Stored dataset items
++++++++

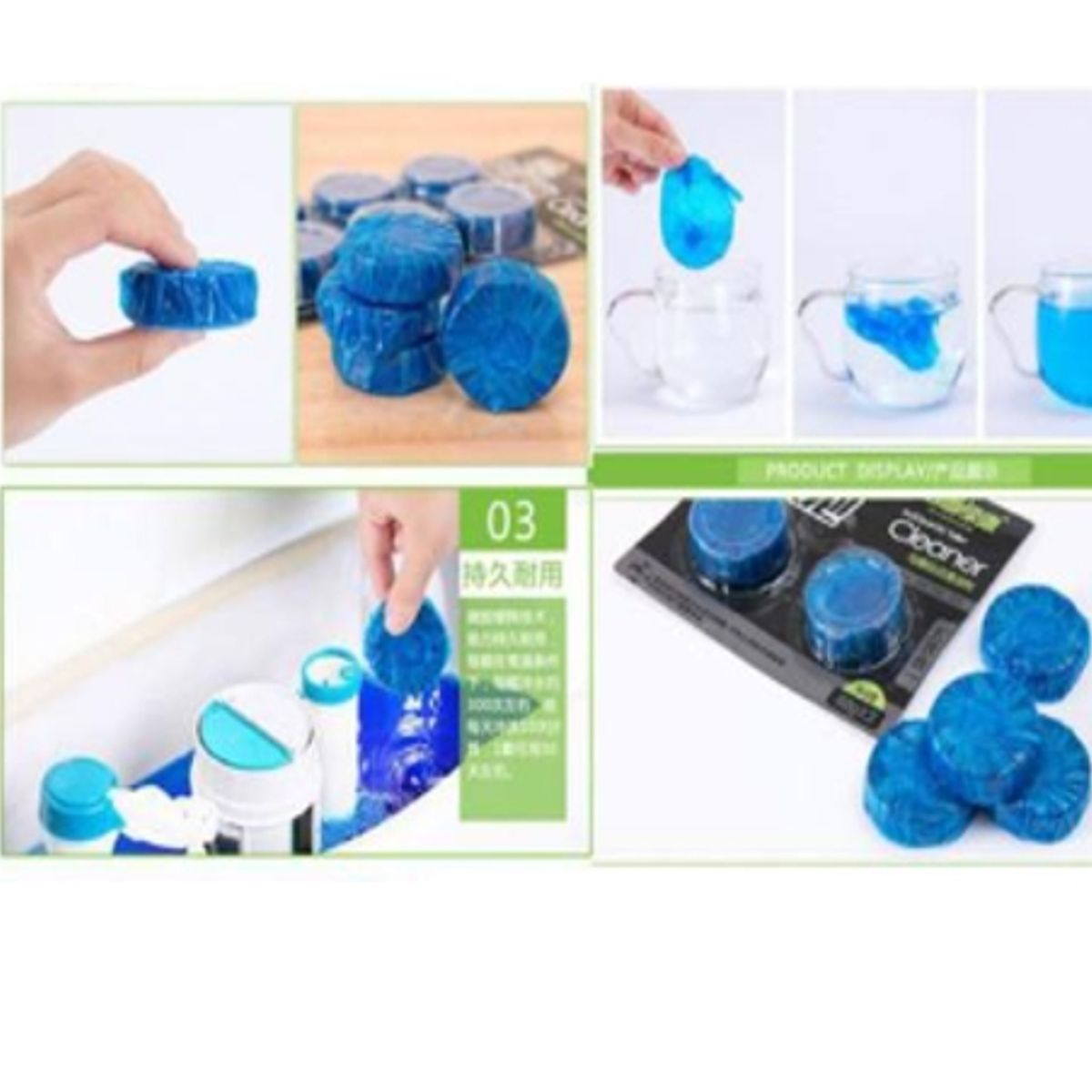 GENERICO - Limpiados De Baños Pastilla Azul 2Unidades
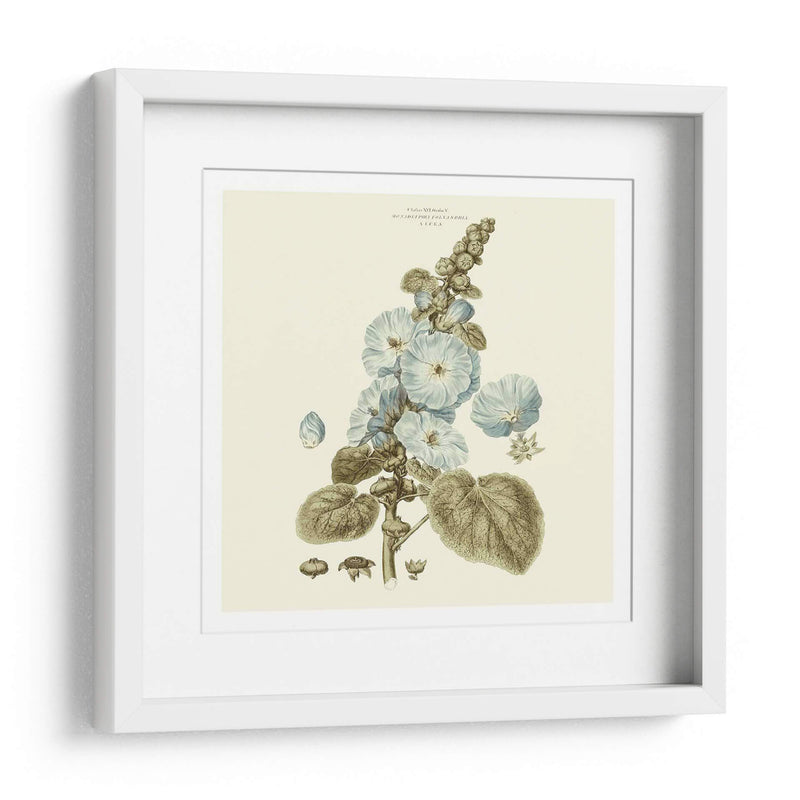 Custom Bashful Blue Florals Iv - John Miller | Cuadro decorativo de Canvas Lab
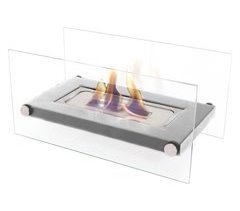 Lareira de mesa a etanol em aço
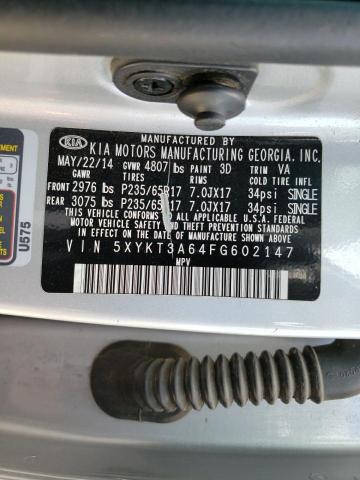 5XYKT3A64FG602147 KIA SORENTO LX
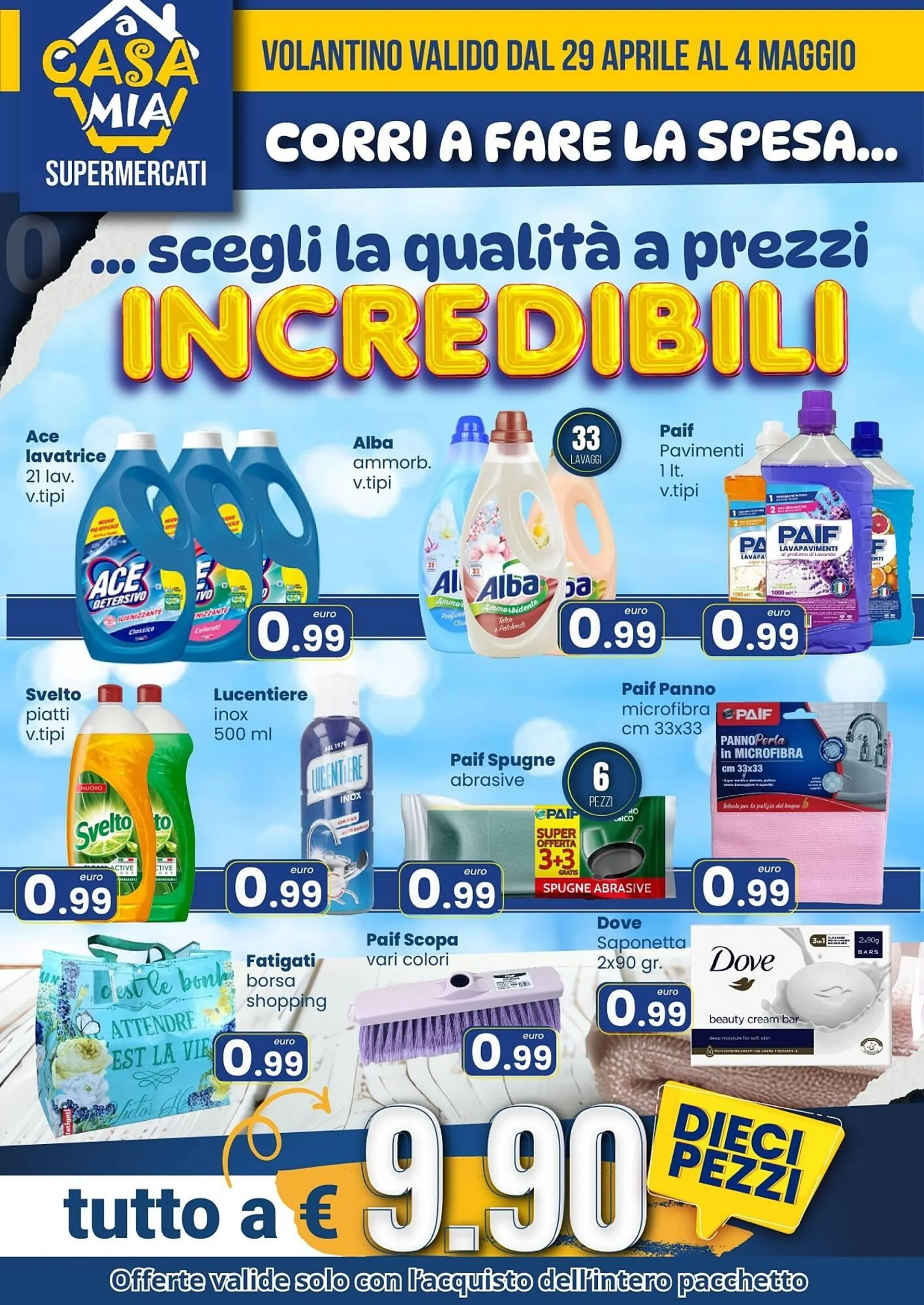 Volantino A Casa Mia da 28 aprile a 4 maggio di 2025 - Pagina del volantino 1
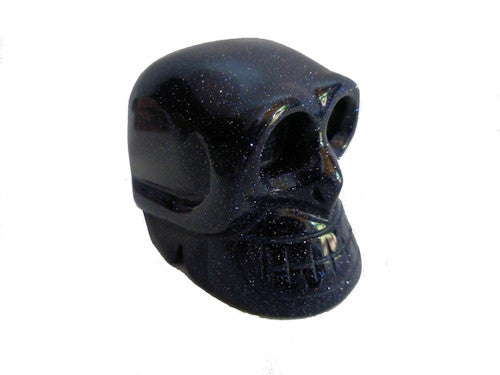 Blue Goldstone Skull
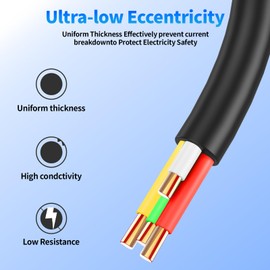 18/4 Solid Sprinkler System Wire 150ft, 18 Gauge Irrigation Wires PVC Jacket Sprinkler Cable for Underground Irrigation Valves Field Central Control System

++++++++

- _Instructions for the task_:
Restate the records above word for word. Skip every picture.

- _Result_:
 GENERICO - Limpiados De Baños Pastilla Azul 2Unidades
 Custom Bashful Blue Florals Iv - John Miller | Cuadro decorativo de Canvas Lab
 Lareira de mesa a etanol em aço
 5XYKT3A64FG602147 KIA SORENTO LX
 Volantino A Casa Mia da 28 aprile a 4 maggio di 2025 - Pagina del volantino 1
 Blue Goldstone Skull
 18/4 Solid Sprinkler System Wire 150ft, 18 Gauge Irrigation Wires PVC Jacket Sprinkler Cable for Underground Irrigation Valves Field Central Control System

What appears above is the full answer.